### Task instructions
Your reply should hold every record exactly as given, with no pictures in it.

### Available data
———
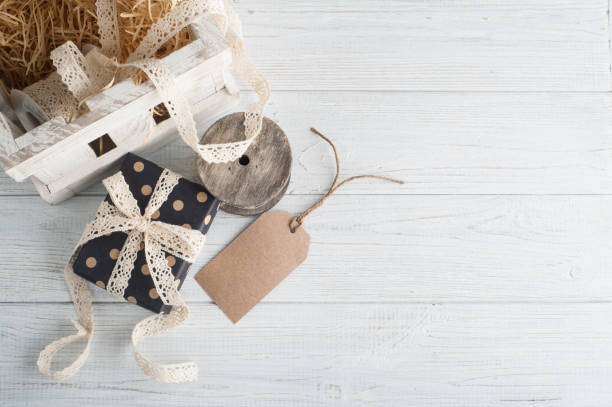 istock Laces in the wooden box, gift 693801606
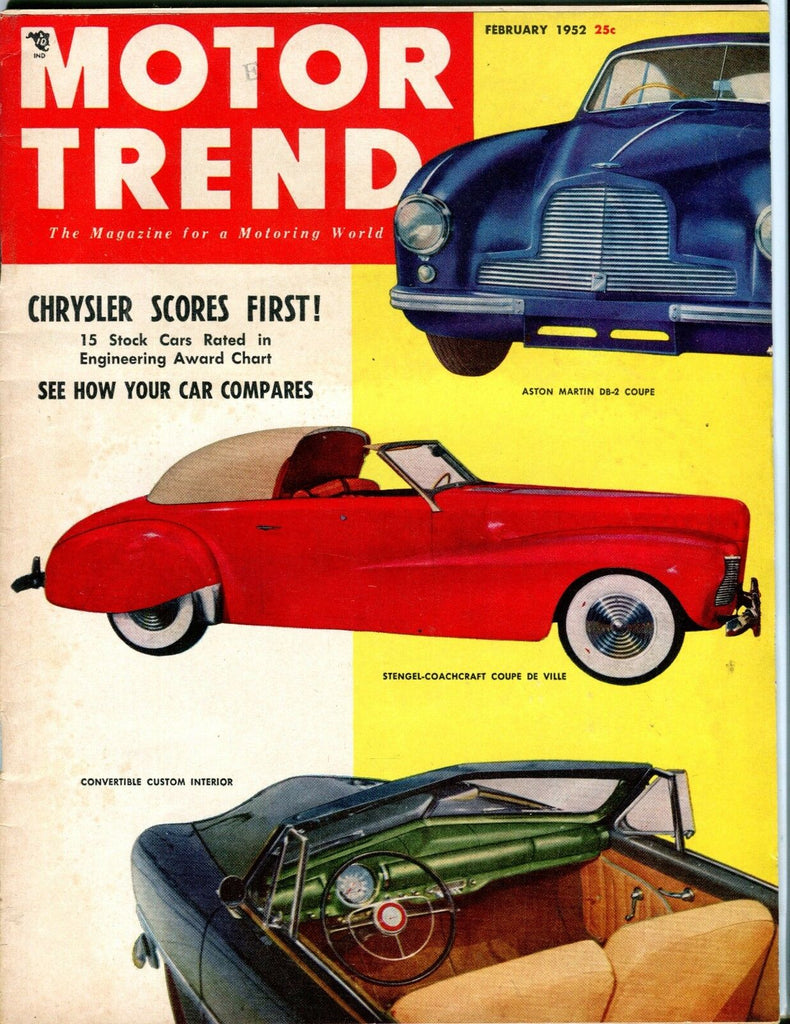 Motor Trend Magazine February 1952 Aston Martin Chrysler VG No ML 052617nonjhe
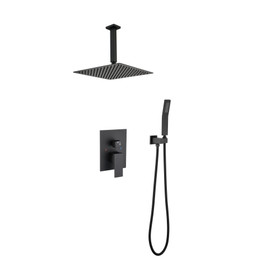 16 inches Matte Black Shower Set System Bathroom Luxury Rain Mixer Shower Combo Set Ceiling Mounted Rainfall Shower Head Faucet (Contain Shower Faucet Rough-in Valve Body and Trim) Th-6006-16Mb99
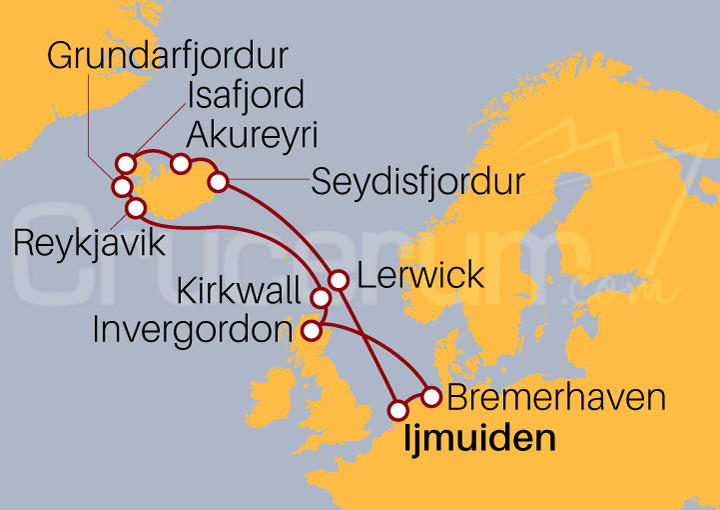 Itinerario Crucero Leyendas de Islandia 2022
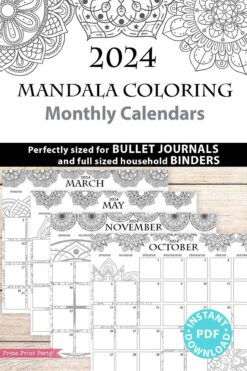 2024 calendars for bullet journal with mandala design for coloring - Press Print Party!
———
### Expected output
 istock Laces in the wooden box, gift 693801606
 Motor Trend Magazine February 1952 Aston Martin Chrysler VG No ML 052617nonjhe
 16 inches Matte Black Shower Set System Bathroom Luxury Rain Mixer Shower Combo Set Ceiling Mounted Rainfall Shower Head Faucet (Contain Shower Faucet Rough-in Valve Body and Trim) Th-6006-16Mb99
 Itinerario Crucero Leyendas de Islandia 2022
 2024 calendars for bullet journal with mandala design for coloring - Press Print Party!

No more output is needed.